Corrosion: How does it affect the internal engine?

By Gary Schmidt Corrosion has long been recognized as one of the great enemies of the aircraft owner. Much has been said and written about corrosion in general aviation, but most of it pertains to airframe corrosion. Products and procedures have...


Beginning with the day the brand new engine comes out of the factory, it finds itself on the corrosion hit list and this vulnerability to damage is addressed by the manufacturer. Continental states that if the engine is not run within six months after it leaves the factory, it should be re-treated for protection against corrosion. Its web site states, "Following acceptance testing, all engines are preserved by TCM prior to shipment. This preservation has a shelf life of six months after which the engine must be re-preserved for corrosion protection until the engine is placed into service."

Manufacturers recommend that the new engine break-in be done with a mineral-based oil rather than an ashless dispersant oil. This process creates a varnish-type coating on the metal parts that will protect the metal from rust. The break-in period is normally considered about 50 hours.

Much is also made by manufacturers of the geographic location of the engine or aircraft. Aircraft located in humid regions or coastal areas are considered more susceptible to rust.

Engines that are not run properly can create situations that make them more vulnerable to corrosion. But the most obvious engine in danger of corrosion is the "inactive" engine – one that is not run for extended periods.

What is the risk?

The risk is a shorter engine life. Continental simply says, "Corrosive attack may reduce engine service life." How much shorter, no one knows. Naturally any rust is bad. The problem with measuring the damage corrosion causes is that it does not occur at any constant or measurable rate and it can start and stop and start again. The damage also depends on the surface being attacked and the part being affected. The areas of primary concern are cylinders, pistons rings, valves, valve guides, camshaft, and lifters.

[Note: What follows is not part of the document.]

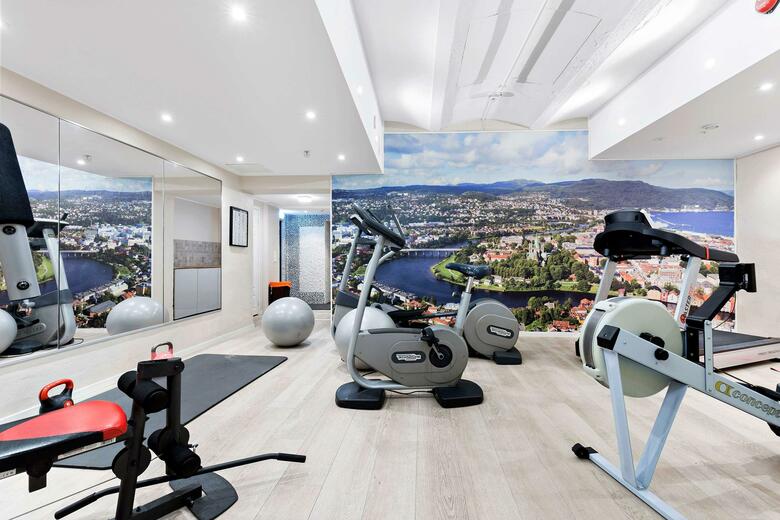Clarion Collection Hotel Bakeriet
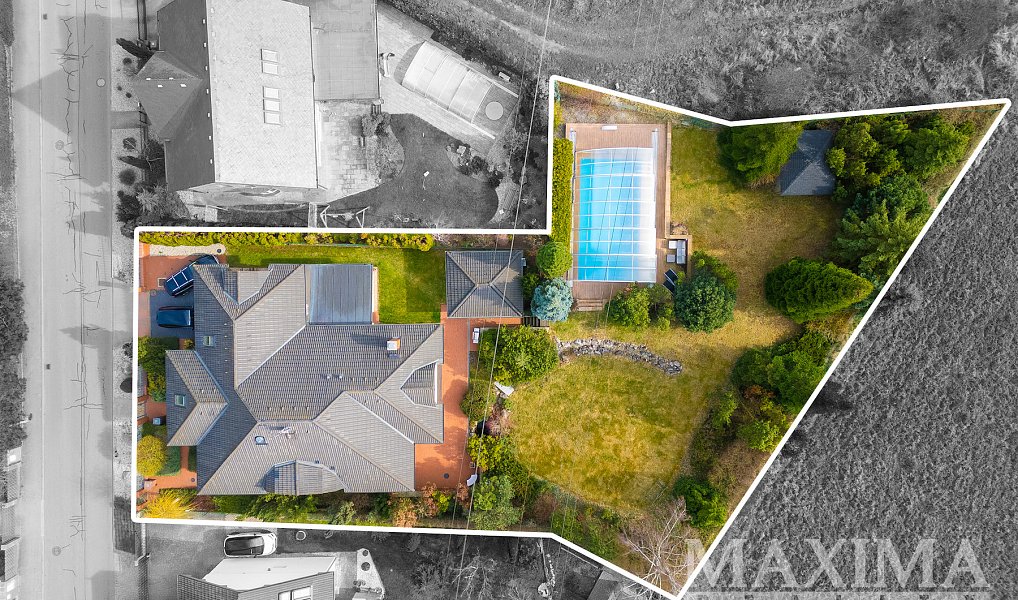 Prodej domu 400 m² s pozemkem 1 508 m², Praha – náhled fotky 30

It is clear that internal engine corrosion is prevelant and it is bad. Doing the math with general round numbers, if an engine overhaul costs $30,000, at 2,000-hour TBO, the cost is $15 per hour. Shorten the life of that engine by 500 hours and you have just lost $7,500.

The causes – the debate

Scientists have long known how the process of corrosion occurs. Except for some precious metals such as gold, there are few really stable metals. The molecules that make up the metal want to combine with other molecules and through that process make up a new material with different characteristics. This process can occur either through an electrical or chemical process.

For that corrosion process to occur, several elements must be present. They are an acid such as sulfur or chlorine compounds and moisture which is the electrolyte and may carry the oxygen for "oxidation" or other compound necessary for the corrosion process. Some mention that air is also necessary but only because it is often the vehicle carrying the acid and moisture. Naturally, for this all to happen, we need one other basic item at the center of the entire issue, the metal.

The debate in the industry has centered around the issue of the sources of these elements as well as the issues of when and why the metal is vulnerable to the other elements necessary for the corrosive process.

First let’s analyze where these elements necessary for corrosion originate. No. 1, moisture: When you burn a pound of fuel, you get about a pound of moisture as a result. Most of this is expelled out of the exhaust stacks but some enters the crankcase via "blow by." Some moisture comes from the air that the engine takes in through intake and it is mixed with the combustion moisture. One other minor source is the moisture in the air that is drawn in through the engine breather tube as the engine cools after shut-down. The aircraft engine absorbs this moisture and doesn’t release it unless your oil temperature gauge gets over approximately 180 degrees F. If you have your oil temperature high enough, the moisture vaporizes and exits by way of the crankcase breather.

Naturally, because moisture is a key element to the corrosion process, engine manufacturers emphasize that aircraft located in coastal areas and areas with humid climates are more susceptible than aircraft located in arid regions. The fact is that there are very few areas of the world where the air is so dry that you do not need to worry about corrosion. Everyone needs to consider corrosion regardless of their geographic location.